What you will do: What you should repeat is the run of lines from the top of the listing below through the line with "The Arugula &amp;", exactly, with no pictures.

Start of Records for this task

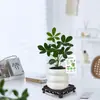 Bambú de la suerte Bambú Loto Planta en maceta Planta de interior para oficina Paso a paso Bambú alto Micro paisajismo Planta verde de escritorio Bonsái fácil de cuidar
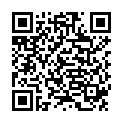 QR Syoss Blond Aufheller Kreativset H1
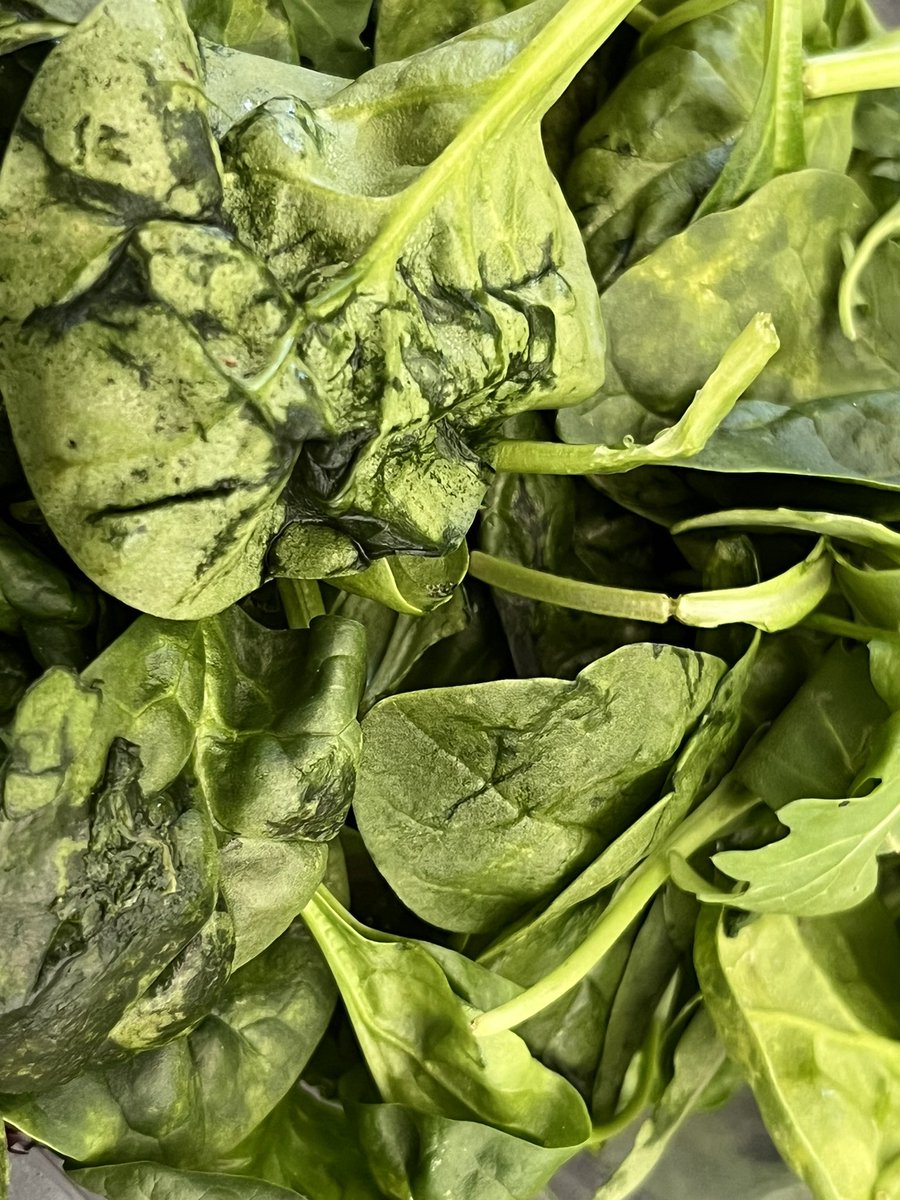 JRMHarvey's tweet photo. Quality Control @LoblawsON 

Wrongly we trusted Loblaws quality control. We picked up an order from our local Loblaws via pc express.

The Arugula &amp; Spinach. was well within the best before date, but any casual visual check would have shown that it was rotten. 

Disappointing! https://t.co/vJMCMtqQBg
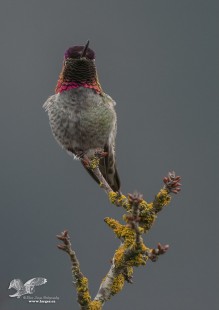 A Bit More Color (Anna's Hummingbird)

End of Records for this task

Result for this task:
 Bambú de la suerte Bambú Loto Planta en maceta Planta de interior para oficina Paso a paso Bambú alto Micro paisajismo Planta verde de escritorio Bonsái fácil de cuidar
 QR Syoss Blond Aufheller Kreativset H1
 JRMHarvey's tweet photo. Quality Control @LoblawsON 

Wrongly we trusted Loblaws quality control. We picked up an order from our local Loblaws via pc express.

The Arugula &amp; Spinach. was well within the best before date, but any casual visual check would have shown that it was rotten. 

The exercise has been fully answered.